D: Drake Doremus. DP: John Guleserian. W: Drake Doremus & Ben York Jones. Starring: Anton Yelchin/Felicity Jones/Jennifer Lawrence/Charlie Bewley/Alex Kingston/Oliver Muirhead.
Another Sundance Film Festival darling has gathered some steam and is hitting theaters right before award season. This year it is Drake Doremus’ Like Crazy. A film about young love, long distance turmoil, and the power of the British government.
I will say right off the bat that these modern anti-romantic comedy relationship films are oftentimes only as good as what you bring into the movie with you. Meaning that they can cause most audience members to become self-reflective about their own relationships and experiences. Every now and then a film can be more than that and actually deliver quality performances, unique story telling, and sometimes gut wrenching after effects (I’m looking at you Blue Valentine). Sadly, Like Crazy is not one of those films. However this does not mean it isn’t good or doesn’t work, it just isn’t as memorable.

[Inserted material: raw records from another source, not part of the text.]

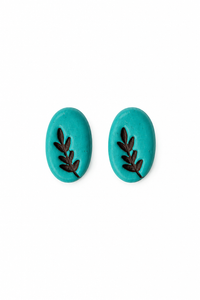 Garden Stud Earrings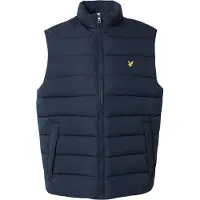Lyle & Scott Chaleco navy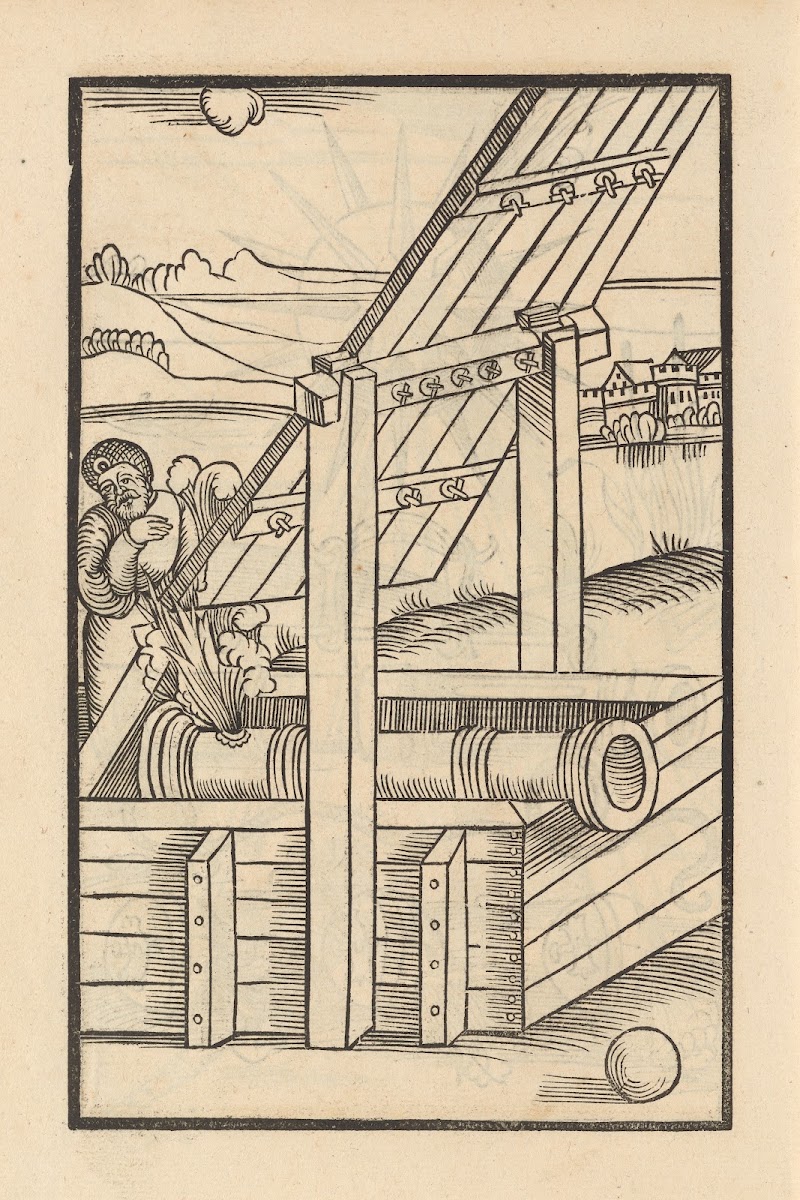 Vier Bücher der Ritterschafft Pl100 1529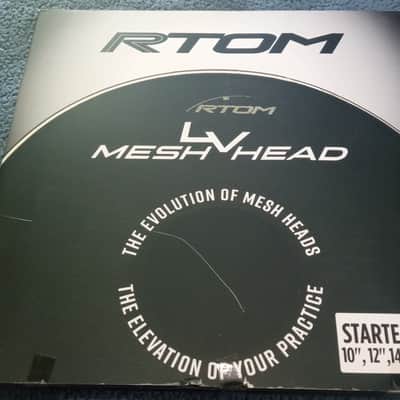 RTOM Low Volume Mesh Heads 2020's - Mesh image 2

The film mostly deals with the sparkle of young, new love, and how space and time can do so much damage to something so great. Even more specifically, the film reminds its audience of how hard it is to put something back together once it is been damaged or tested. Both Anton Yelchin and Felicity Jones are adequate as the young lovers here. Jones’ Anna is given a bit more depth and character development than Yelchin’s Jacob. However, throughout watching the film you begin to not care who they are, but rather yearn for them to be happy and together (damn those pesky student visas).
With each frame you almost want to close your eyes and remember. Whatever stake you had in someone, whatever hope lit up your chest, whatever made you feel light and drunk with the knowledge that you weren’t alone. At times it was difficult to remember to watch the movie. I kept getting caught in my own head, in my own heart, wondering where all the pieces had ended up falling. The journey of the film is important here. The ups and downs. The questions. How do we untangle ourselves from something so raw? A feeling that unhinges us? What do we do when we find it? What if we don’t? What if we think we found it and remain high off those memories for years? When does the destruction start to overtake the good?
So, although not as heavy as last year’s Blue Valentine (which honestly left me reeling for days, so much so that I didn’t even write about it), Like Crazy still made me reflect. Will it make you? I can talk about the hand held camera work, the nice presence of Jones’ parents, the love of montages Doremus seems to have or I could simply say, you will get out of this one what you bring into it. It’s a crap shoot like most relationships are. But at least after this one you will be able to eat your dinner.